There’s a big problem today, which is that processors keep getting faster, but memory latency and bandwidth aren’t keeping up. A processor can perform a complicated operation in a nanosecond, but retrieving the data to operate on might take ten times that long. This is particularly an issue with storage because nearly everything involves moving data to and from the system, and all that data has to pass through main memory. If it has to pass through the processor as well you can rapidly use up available memory bandwidth; this is one of the reasons why technologies like RDMA have been developed.
Even worse, there don’t seem to be any good tools for identifying if a software process is performance-bound by memory bandwidth or latency! You might naively increase the processor speed or number of cores in your system in order to increase performance and find no change at all. Let me explain.
Let’s say you’re working on improving performance for an application. It’s easy to observe that the network interface is saturated, and thus your process is network I/O-bound — to improve performance you need to add more I/O bandwidth or change your wire encoding. With a little more instrumentation you can determine if your process is network latency-bound — waiting on remote requests all the time — and know that you need to add more network parallelism.
Similarly, it’s easy to tell if you are disk bandwidth or latency-bound — you’ll always be in disk wait.
If you’re not waiting on the disk and you’re not waiting on the network, the default assumption is that you are CPU-bound — add a faster processor and you’re on your way, or optimize the areas that your profiler shows you spending time in to run in fewer cycles. But this frequently doesn’t help today.

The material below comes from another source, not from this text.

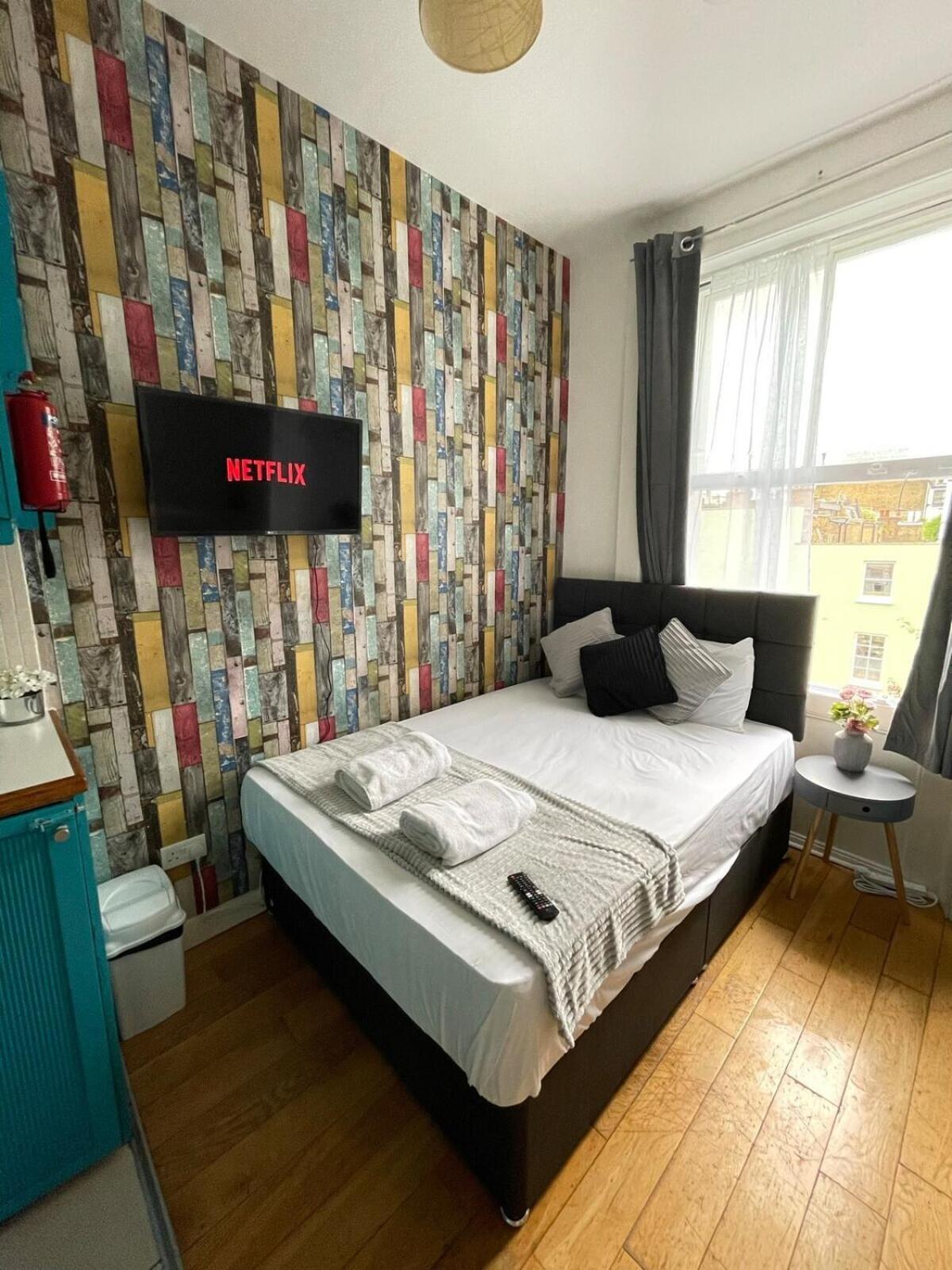 Portobello Road Artistic Studios 'Budget' London Bilik gambar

Processor speed has greatly outstripped memory speed. If you’re operating on data in registers or in cache, adding a faster processor can help. Most data is in main memory, however, and you need to get it onto the chip — fulfilling a request from main memory can take dozens of processor clock cycles! The instruction cannot be processed until the data has been retrieved, so even if the processor were twice as fast, it couldn’t get more done.
This is why modern processors have whizz-bang features like out-of-order execution, branch prediction, processor virtualization and parallelism… have enough stuff in-flight that you can always be processing something while waiting for memory requests to be fulfilled. This can mask a lot of the memory delays, but at some point you run out of things the processor can do.
Other than experimentally, how can you tell if a process is memory-bound? As far as I know, all profiling mechanisms will show such a process as CPU-bound, because the sampler will find the instruction pointers sitting in routines doing lots of computation on things in memory, and this will be indistinguishable from any number crunching those routines do. I’m pretty sure I can ask the chipset about cache miss statistics, but that really doesn’t tell me much.
This is really important, because it can tell you if it’s productive to jump through hoops trying to eliminate in-memory copies (for example) versus just needing a faster processor. It can tell you that adding additional memory channels or faster memory is a win. But I can’t find any way to determine this from a profiling perspective.
Here’s a good paper explaining the problem further, with the money quote “In the long term, we predict that off-chip accesses will be so expensive that all system memory will reside on one or more processor chips.”
The authors divide compute time into processing time, memory latency stall time, and memory bandwidth stall time. This is exactly the data I’d like to see — but they’ve gathered it by running SPECmarks on a simulated processor and memory architecture. I’d love to gather profiling data in situ, or at least on a synthetic modern Intel architecture… Cachegrind gets you part of the way there, but not far enough.
Meanwhile we work hard to increase system performance with the tools and instrumentation that we have available. We’ve produced a 50% performance improvement over the past six months, and are on track to repeat that again!